◆ Required work: I need the lines from the one holding "恵比寿の自毛植毛クリニックおすすめ10選｜後悔しない選び方も解説" to the last line of the data below repeated exactly, both included, without pictures.

[Records excerpted from a collection]
··········

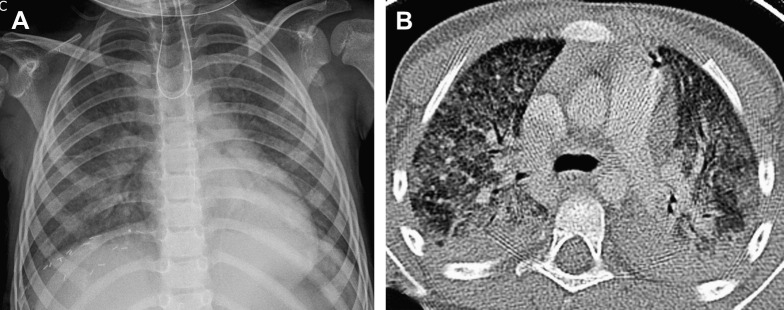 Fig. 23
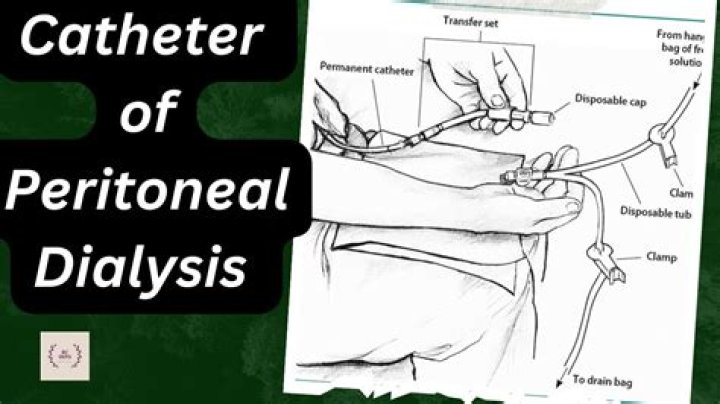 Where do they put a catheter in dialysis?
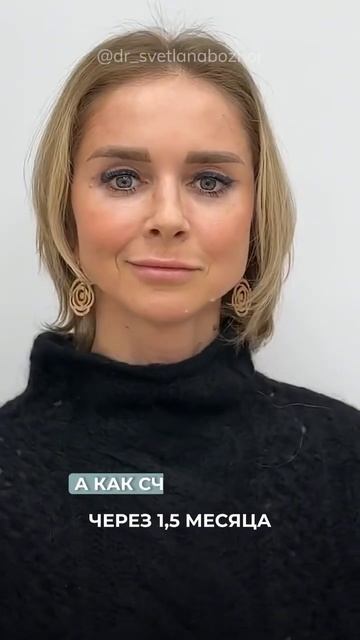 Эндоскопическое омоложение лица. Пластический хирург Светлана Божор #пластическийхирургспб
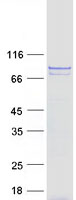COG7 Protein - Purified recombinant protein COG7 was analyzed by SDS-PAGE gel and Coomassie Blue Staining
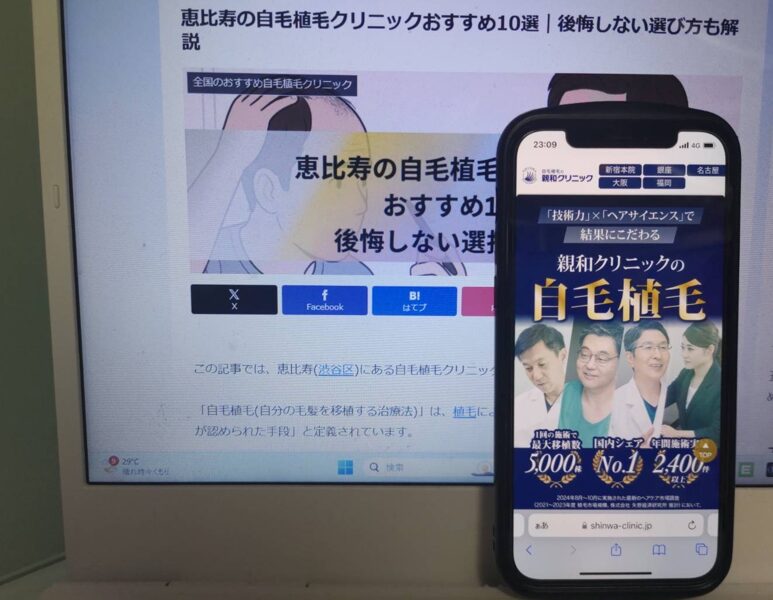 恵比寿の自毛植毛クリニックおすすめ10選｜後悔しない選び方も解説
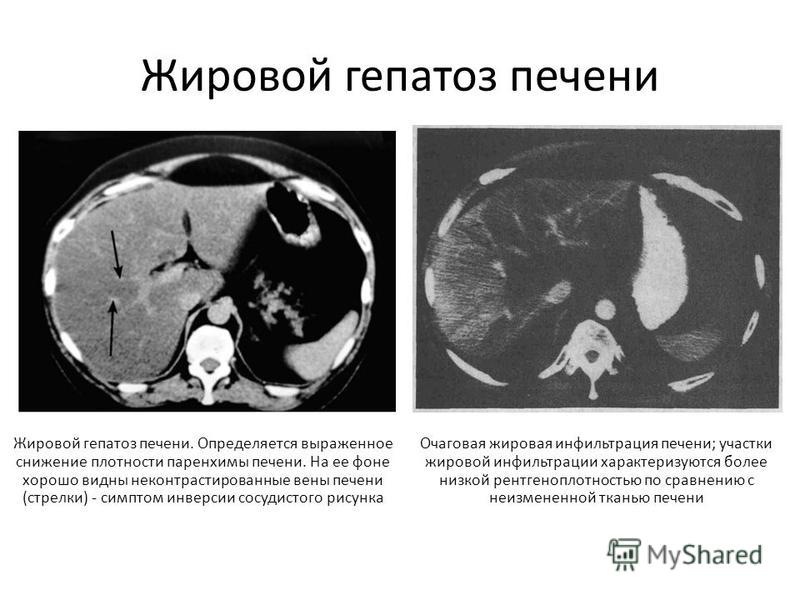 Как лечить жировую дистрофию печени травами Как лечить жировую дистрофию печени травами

··········

◆ Response below:
 恵比寿の自毛植毛クリニックおすすめ10選｜後悔しない選び方も解説
 Как лечить жировую дистрофию печени травами Как лечить жировую дистрофию печени травами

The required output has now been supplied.